Convenience, speed and reliability are central to the value proposition of digital payments, and these qualities are expected to enhance overall customer satisfaction. Extant research consistently documents a positive association between digital payment adoption and satisfaction outcomes (Bhattacharya and Bera, 2023; Lohana and Roy, 2021; Pushparaj et al., 2025; Tan et al., 2025). For example, a study of 599 respondents from tier I and tier II cities in India found that individuals who adopted digital payment systems reported higher satisfaction levels (Lohana and Roy, 2021). Similarly, Pushparaj et al. (2025) reported that 280 customers expressed satisfaction with the information quality and responsiveness of vendors offering digital payments. Bhattacharya and Bera (2023) found, in a survey of 474 Indian respondents, that mobile wallet usage is positively associated with satisfaction. Evidence from other developing contexts supports this relationship: in Bangladesh, an analysis of data from 348 respondents revealed that the use of cashless payments was associated with greater customer satisfaction (Monir et al., 2025).

These findings highlight that adoption not only reflects the acceptance of new technology but also generates tangible benefits for consumers in terms of convenience, efficiency and service quality. Accordingly, we propose the following hypothesis:

H4.

The adoption of digital payments is positively associated with customer satisfaction.

The central proposition of TAM is that when individuals perceive a technology as easy to use, they are more likely to adopt it in their daily activities (Yang et al., 2021). In the context of digital payments, ease of navigation and reduced effort in performing transactions encourage adoption, which then shapes downstream outcomes such as satisfaction. While prior research has shown that PEOU can directly influence customer satisfaction (Ma et al., 2017; Monir et al., 2025; Saha et al., 2022), the mechanism by which PEOU leads to satisfaction through actual adoption behavior has received comparatively little attention.

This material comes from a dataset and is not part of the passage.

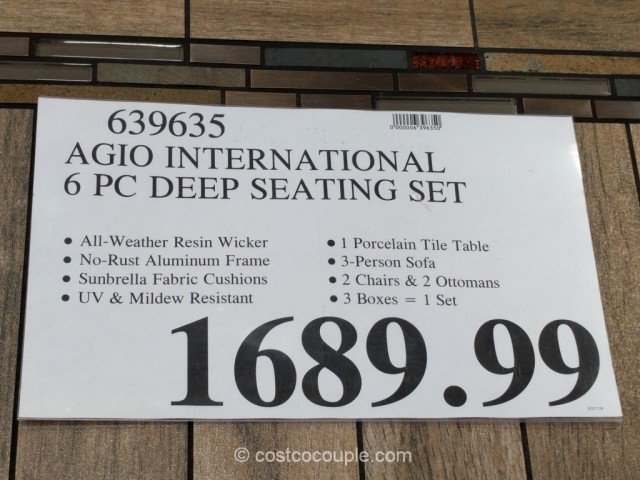 Agio International 6-Piece Deep Seating Set Costco 1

Adoption acts as a conduit: when consumers perceive digital payment systems to be effortless, they are more likely to integrate them into financial transactions, and this continued use enhances their convenience, reliability and overall satisfaction. This pathway aligns with recent bibliometric insights highlighting the growing emphasis on mediating mechanisms in digital payment research to explain how and why relationships unfold (Bhopal et al., 2025). Accordingly, we propose the following hypothesis:

H5a.

Digital payment adoption mediates the relationship between PEOU and customer satisfaction.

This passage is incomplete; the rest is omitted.